Records drawn from a dataset:
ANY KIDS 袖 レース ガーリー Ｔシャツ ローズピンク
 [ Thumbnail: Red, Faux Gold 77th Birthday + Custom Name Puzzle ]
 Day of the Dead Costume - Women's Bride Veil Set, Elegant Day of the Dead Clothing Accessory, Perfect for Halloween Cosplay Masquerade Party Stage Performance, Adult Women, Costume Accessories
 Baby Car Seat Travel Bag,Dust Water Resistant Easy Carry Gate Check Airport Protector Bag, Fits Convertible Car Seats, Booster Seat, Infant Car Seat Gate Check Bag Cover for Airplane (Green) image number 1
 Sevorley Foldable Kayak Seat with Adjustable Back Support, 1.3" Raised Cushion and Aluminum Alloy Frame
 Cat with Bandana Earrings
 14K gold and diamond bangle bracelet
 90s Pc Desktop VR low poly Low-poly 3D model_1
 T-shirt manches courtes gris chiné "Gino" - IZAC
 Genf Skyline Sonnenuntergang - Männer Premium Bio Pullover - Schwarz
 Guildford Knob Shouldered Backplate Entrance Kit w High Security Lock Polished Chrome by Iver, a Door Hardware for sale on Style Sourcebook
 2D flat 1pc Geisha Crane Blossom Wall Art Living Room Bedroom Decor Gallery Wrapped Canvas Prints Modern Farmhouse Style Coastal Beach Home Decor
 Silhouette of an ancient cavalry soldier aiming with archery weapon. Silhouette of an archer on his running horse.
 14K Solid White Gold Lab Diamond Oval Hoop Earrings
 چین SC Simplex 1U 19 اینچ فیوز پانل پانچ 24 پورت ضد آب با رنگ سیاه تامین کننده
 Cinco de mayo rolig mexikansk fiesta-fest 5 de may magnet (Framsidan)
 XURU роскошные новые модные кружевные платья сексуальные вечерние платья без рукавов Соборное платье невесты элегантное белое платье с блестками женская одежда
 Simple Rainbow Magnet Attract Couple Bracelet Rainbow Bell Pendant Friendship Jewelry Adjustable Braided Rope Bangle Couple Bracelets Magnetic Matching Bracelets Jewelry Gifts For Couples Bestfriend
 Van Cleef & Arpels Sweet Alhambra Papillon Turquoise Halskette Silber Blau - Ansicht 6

▶ [Work to complete]:
List each line of the records that holds the string "Seat".

▶ [Exercise output]:
 Baby Car Seat Travel Bag,Dust Water Resistant Easy Carry Gate Check Airport Protector Bag, Fits Convertible Car Seats, Booster Seat, Infant Car Seat Gate Check Bag Cover for Airplane (Green) image number 1
 Sevorley Foldable Kayak Seat with Adjustable Back Support, 1.3" Raised Cushion and Aluminum Alloy Frame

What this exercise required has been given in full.